◆ What is required ◆
Exactly the lines starting at the line containing "Poland: Ukraine's participation" and ending at the line containing "Cross Training Knit Pants" are to be written out from the listing below, both included.

◆ Dataset ◆
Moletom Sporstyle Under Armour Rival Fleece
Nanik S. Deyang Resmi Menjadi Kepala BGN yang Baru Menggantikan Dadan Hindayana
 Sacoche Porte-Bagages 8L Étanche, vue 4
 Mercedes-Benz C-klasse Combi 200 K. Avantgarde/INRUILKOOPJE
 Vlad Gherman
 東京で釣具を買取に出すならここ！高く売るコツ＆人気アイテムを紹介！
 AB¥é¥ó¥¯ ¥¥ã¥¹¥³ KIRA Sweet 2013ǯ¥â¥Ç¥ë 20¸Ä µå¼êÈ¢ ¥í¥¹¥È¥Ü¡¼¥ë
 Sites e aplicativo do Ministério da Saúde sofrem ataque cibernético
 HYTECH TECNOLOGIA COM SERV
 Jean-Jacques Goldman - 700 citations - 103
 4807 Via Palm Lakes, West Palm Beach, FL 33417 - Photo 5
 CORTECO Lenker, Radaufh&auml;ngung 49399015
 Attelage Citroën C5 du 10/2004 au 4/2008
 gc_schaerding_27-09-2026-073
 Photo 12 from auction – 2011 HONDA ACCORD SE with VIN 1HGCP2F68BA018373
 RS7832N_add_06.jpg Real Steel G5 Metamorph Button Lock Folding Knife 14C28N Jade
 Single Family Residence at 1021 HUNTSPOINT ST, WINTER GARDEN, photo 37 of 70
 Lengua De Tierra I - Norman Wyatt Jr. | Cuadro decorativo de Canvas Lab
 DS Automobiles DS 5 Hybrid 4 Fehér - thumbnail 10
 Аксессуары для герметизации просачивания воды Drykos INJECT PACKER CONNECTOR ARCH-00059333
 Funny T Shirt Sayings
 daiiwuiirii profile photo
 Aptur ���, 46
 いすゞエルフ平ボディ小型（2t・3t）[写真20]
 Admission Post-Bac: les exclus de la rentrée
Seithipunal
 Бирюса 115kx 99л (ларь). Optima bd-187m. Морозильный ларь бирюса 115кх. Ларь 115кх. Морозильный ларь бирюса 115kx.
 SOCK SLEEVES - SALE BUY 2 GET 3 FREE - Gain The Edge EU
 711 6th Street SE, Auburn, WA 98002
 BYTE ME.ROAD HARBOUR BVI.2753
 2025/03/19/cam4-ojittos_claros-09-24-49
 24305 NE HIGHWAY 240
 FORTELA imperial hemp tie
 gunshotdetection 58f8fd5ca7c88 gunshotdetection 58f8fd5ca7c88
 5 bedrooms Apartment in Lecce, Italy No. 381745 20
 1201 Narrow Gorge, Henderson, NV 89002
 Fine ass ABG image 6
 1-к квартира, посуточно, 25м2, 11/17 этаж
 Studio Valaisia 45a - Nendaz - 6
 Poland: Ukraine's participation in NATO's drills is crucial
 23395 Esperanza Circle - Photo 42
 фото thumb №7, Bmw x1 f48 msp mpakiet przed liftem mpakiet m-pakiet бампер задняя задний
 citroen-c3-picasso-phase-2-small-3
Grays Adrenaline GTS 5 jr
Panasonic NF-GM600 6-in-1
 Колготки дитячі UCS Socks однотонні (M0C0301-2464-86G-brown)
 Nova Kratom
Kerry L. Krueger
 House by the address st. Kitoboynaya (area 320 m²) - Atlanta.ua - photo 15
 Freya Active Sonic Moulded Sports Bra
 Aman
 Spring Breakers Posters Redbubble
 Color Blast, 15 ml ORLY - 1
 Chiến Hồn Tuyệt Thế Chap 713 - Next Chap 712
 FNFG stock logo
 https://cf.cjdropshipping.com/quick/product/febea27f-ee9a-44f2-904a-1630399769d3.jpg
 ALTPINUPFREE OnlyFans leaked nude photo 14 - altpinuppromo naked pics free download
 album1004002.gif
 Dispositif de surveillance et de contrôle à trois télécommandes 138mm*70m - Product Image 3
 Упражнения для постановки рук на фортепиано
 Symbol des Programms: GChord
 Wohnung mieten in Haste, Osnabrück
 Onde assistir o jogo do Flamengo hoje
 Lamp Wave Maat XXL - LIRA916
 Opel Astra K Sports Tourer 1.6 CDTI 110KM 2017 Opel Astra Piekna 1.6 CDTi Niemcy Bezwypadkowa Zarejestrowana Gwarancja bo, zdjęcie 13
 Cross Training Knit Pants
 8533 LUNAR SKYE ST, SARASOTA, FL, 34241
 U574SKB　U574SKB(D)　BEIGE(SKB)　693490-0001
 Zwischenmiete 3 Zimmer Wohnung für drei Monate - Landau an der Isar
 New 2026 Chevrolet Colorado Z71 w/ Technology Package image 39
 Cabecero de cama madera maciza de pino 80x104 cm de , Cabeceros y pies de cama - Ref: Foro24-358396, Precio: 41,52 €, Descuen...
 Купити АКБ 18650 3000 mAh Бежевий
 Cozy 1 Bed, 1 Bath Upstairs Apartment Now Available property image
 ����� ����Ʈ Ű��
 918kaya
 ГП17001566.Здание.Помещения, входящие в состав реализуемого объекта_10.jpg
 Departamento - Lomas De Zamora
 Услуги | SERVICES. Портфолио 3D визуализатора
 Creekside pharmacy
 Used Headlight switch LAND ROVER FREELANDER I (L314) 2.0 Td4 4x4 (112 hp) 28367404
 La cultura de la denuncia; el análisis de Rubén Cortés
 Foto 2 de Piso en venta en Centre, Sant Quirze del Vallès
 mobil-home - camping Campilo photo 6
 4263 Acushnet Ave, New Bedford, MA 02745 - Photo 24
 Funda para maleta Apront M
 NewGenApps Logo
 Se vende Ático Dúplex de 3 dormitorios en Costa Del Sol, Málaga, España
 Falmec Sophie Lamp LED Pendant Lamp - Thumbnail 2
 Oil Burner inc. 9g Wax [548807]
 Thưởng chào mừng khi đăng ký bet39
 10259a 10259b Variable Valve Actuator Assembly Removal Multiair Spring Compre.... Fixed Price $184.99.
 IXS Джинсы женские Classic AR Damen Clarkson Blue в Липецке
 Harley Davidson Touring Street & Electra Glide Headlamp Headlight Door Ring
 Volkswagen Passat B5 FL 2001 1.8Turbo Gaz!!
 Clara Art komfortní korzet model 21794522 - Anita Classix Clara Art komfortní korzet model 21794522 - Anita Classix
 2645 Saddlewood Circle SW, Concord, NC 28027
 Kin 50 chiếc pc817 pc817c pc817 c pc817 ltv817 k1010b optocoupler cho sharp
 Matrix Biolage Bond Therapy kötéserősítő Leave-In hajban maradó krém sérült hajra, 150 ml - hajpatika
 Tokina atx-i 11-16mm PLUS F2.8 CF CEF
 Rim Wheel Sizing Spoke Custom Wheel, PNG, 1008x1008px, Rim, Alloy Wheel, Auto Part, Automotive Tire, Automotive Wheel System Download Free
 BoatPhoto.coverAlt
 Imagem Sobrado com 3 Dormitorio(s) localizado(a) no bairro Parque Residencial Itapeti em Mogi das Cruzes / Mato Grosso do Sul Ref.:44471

◆ Solution for this task ◆
 Poland: Ukraine's participation in NATO's drills is crucial
 23395 Esperanza Circle - Photo 42
 фото thumb №7, Bmw x1 f48 msp mpakiet przed liftem mpakiet m-pakiet бампер задняя задний
 citroen-c3-picasso-phase-2-small-3
Grays Adrenaline GTS 5 jr
Panasonic NF-GM600 6-in-1
 Колготки дитячі UCS Socks однотонні (M0C0301-2464-86G-brown)
 Nova Kratom
Kerry L. Krueger
 House by the address st. Kitoboynaya (area 320 m²) - Atlanta.ua - photo 15
 Freya Active Sonic Moulded Sports Bra
 Aman
 Spring Breakers Posters Redbubble
 Color Blast, 15 ml ORLY - 1
 Chiến Hồn Tuyệt Thế Chap 713 - Next Chap 712
 FNFG stock logo
 https://cf.cjdropshipping.com/quick/product/febea27f-ee9a-44f2-904a-1630399769d3.jpg
 ALTPINUPFREE OnlyFans leaked nude photo 14 - altpinuppromo naked pics free download
 album1004002.gif
 Dispositif de surveillance et de contrôle à trois télécommandes 138mm*70m - Product Image 3
 Упражнения для постановки рук на фортепиано
 Symbol des Programms: GChord
 Wohnung mieten in Haste, Osnabrück
 Onde assistir o jogo do Flamengo hoje
 Lamp Wave Maat XXL - LIRA916
 Opel Astra K Sports Tourer 1.6 CDTI 110KM 2017 Opel Astra Piekna 1.6 CDTi Niemcy Bezwypadkowa Zarejestrowana Gwarancja bo, zdjęcie 13
 Cross Training Knit Pants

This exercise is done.